Nous entretenons souvent un rapport « carcéral » avec nos environnements. Le regard balaie sans que le corps ne soit partie prenante du paysage, créant une fracture entre le sujet et son milieu. Le voyage en train, apparu avec l’ère industrielle, favorise par exemple une vision spéculative du monde où on se trouve « hors de ces choses qui restent là, détachées, absolues »[3].

Réagissant à une industrialisation de plus en plus poussée, les situationnistes eurent recours à la dérive comme stratégie de résistance et de réappropriation psychique des espaces urbains. La contrainte présentait alors une force créatrice nous poussant à sortir des axes et des parcours quotidiens ainsi qu’à expérimenter avec les hasards et rencontres. Se voulant pied de nez à la société du spectacle, la dérive est également née d’une volonté de percer l’écran : de vaincre la fragmentation entre l’humain et son milieu, ou encore, entre l’humain et son voisin.

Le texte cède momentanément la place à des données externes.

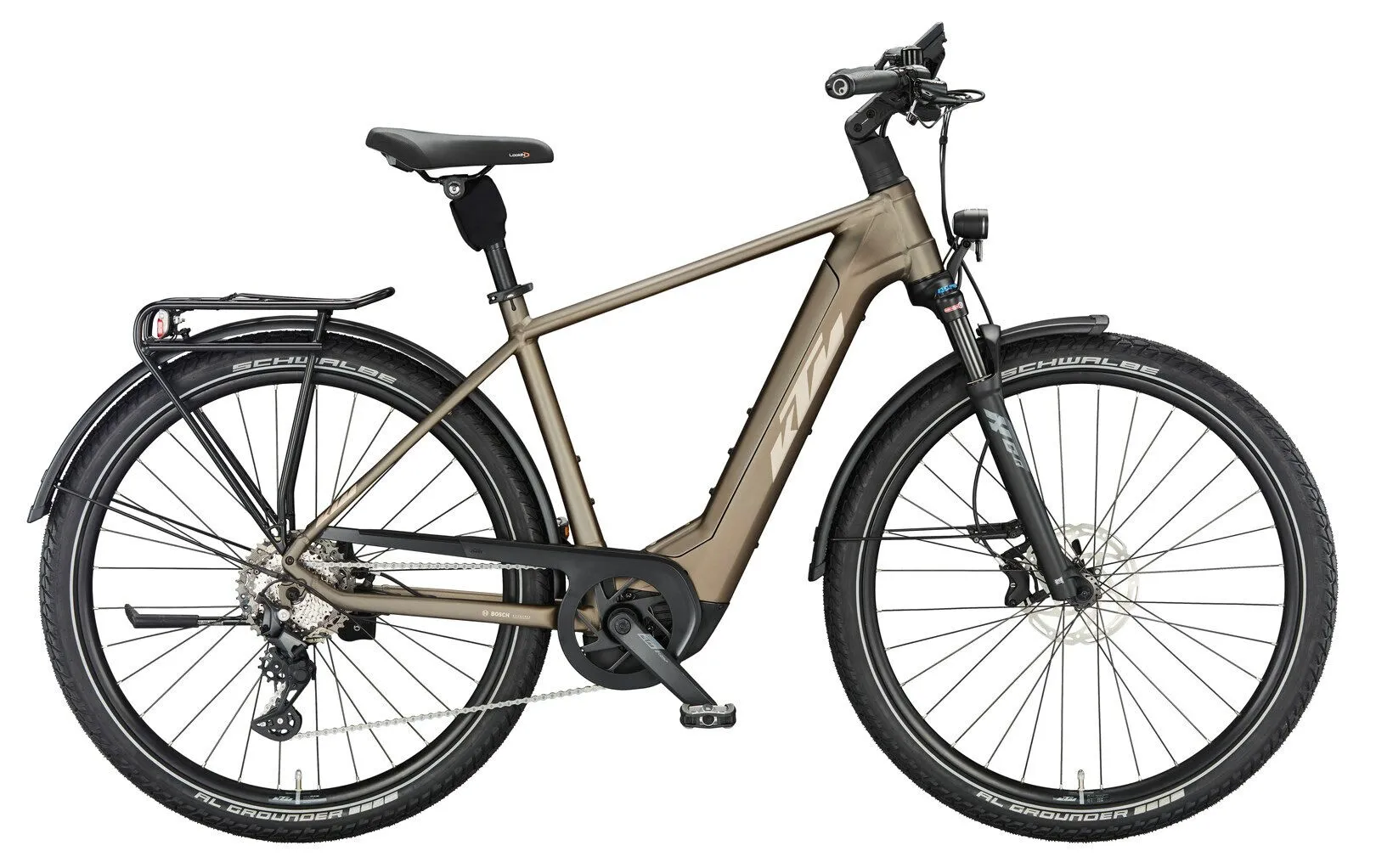 Ktm Macina Gran 710 oak matt (champagne+orange) 29" 750 Wh Diamant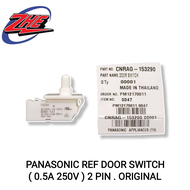 PANASONIC REFRIGERATOR DOOR SWITCH 2 PIN CNRAG-153290 / FRIDGE DOOR SWITCH / SUIS PINTU PETI SEJUK (ORI)(5672/204-0018)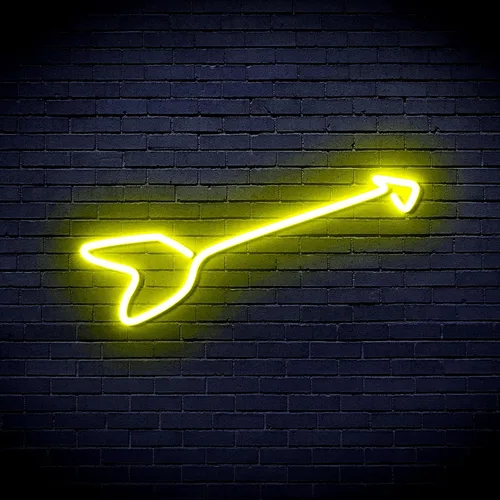 Miniatura 11 de AdvPro Flecha Flex Silicona LED Neon Sign - Azul - st16s42-fnu0220-b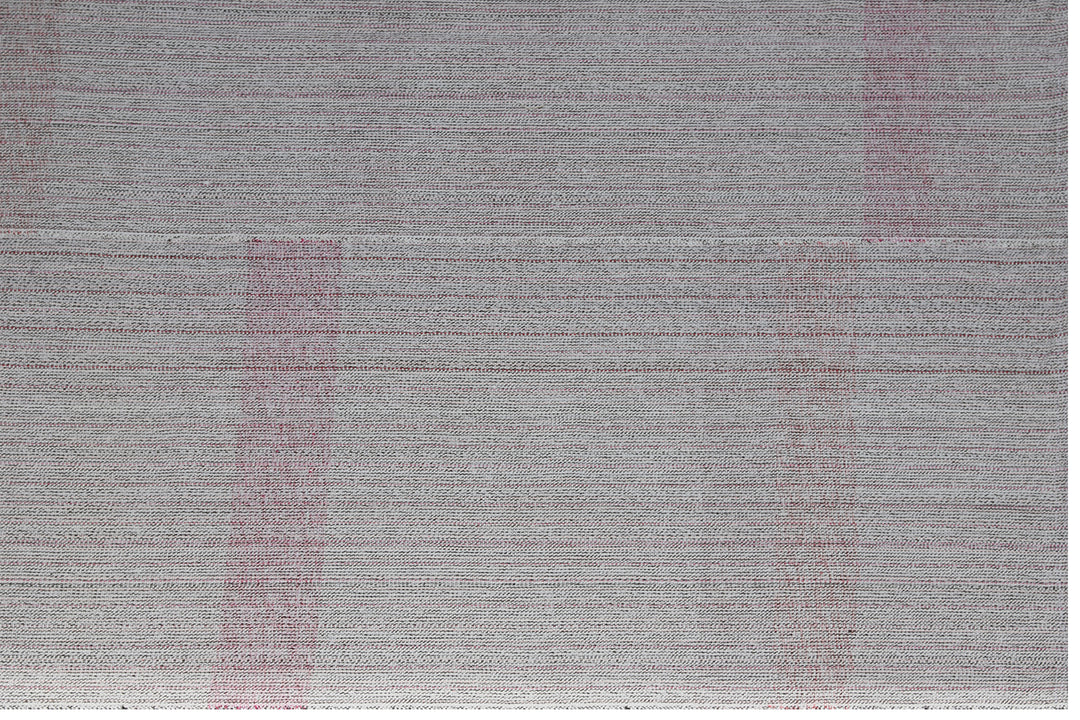 9'x13' Vintage Turkish Kilim | Stripe Design Area Kilim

Par ailleurs, cette fragmentation serait en partie attribuable à la médiation technique et à l’univers d’écrans parmi lequel nous évoluons.

Avec le voyage des sens, la conception du voyage passe d’un mode quantitatif à qualitatif : ce n’est pas la longueur du périple ou la quantité de kilomètres parcourus qui compte alors, mais sa nature même. Ici, la perte de la vue nous mène hors de nos habitudes et des sentiers battus. Elle facilite aussi l’éveil des autres sens, qui en viennent parfois à s’atrophier faute de stimuli.

« What you don’t use you lose » répétait un de mes professeurs de yoga. On pourrait traduire le dicton par « ce que tu n’utilises pas tu le perds ». Or, le voyage des sens active certaines facultés jusqu’alors restées passives. Il induit un double parcours puisqu’il est à la fois cheminement à travers notre propre corps – au cœur des sens et de nos perceptions – et exploration attentive du dehors. En ce sens, il nous permet d’approfondir la relation qui unit dehors et dedans, intériorité et espace. Il exacerbe sur tout notre conscience de celle-ci; conscience d'un lien occulté par le rapport marchand ou utilitaire que nous entretenons avec nos milieux.

Sur un plan créatif, il semble que'il  puisse aussi être source d’inspiration. Qu’est-ce qu’une œuvre d’art sinon une tentative de partager une expérience sensible, une volonté de la cristalliser? En décuplant la dimension sensorielles des espace-temps traversés – et notre propre conscience de celle-ci – le voyage des sens pourrait être à l’origine de créations plus riches, denses et sensibles qui éveilleront à leur tour la sensualité du spectateur. Qui sait, peut-être que de telles créations pourront même contribuer à former chez ceux-ci une forme de conscience sensorielle, une « écologie des sens »[4] opérant une transformation de notre conscience collective en regard de l’environnement.

Quoi il en soit, le voyage des sens est assurément une manière de découvrir, de changer de regard et de partir à l’aventure, ne serait-ce que le temps d’une simple promenade.

 




[1] Proust, Marcel. À la recherche du temps perdu, Paris : Gallimard, 1989, p. 762.

[2] De Certeau, Michel. L’invention du quotidien, Paris : Gallimard, 1990, p. 142.

[3] Ibid., p. 166.

[4] Abram, David. Comment la terre s’est tue : Pour une écologie des sens, Paris : Éditions La Découverte, 2013, 348 p.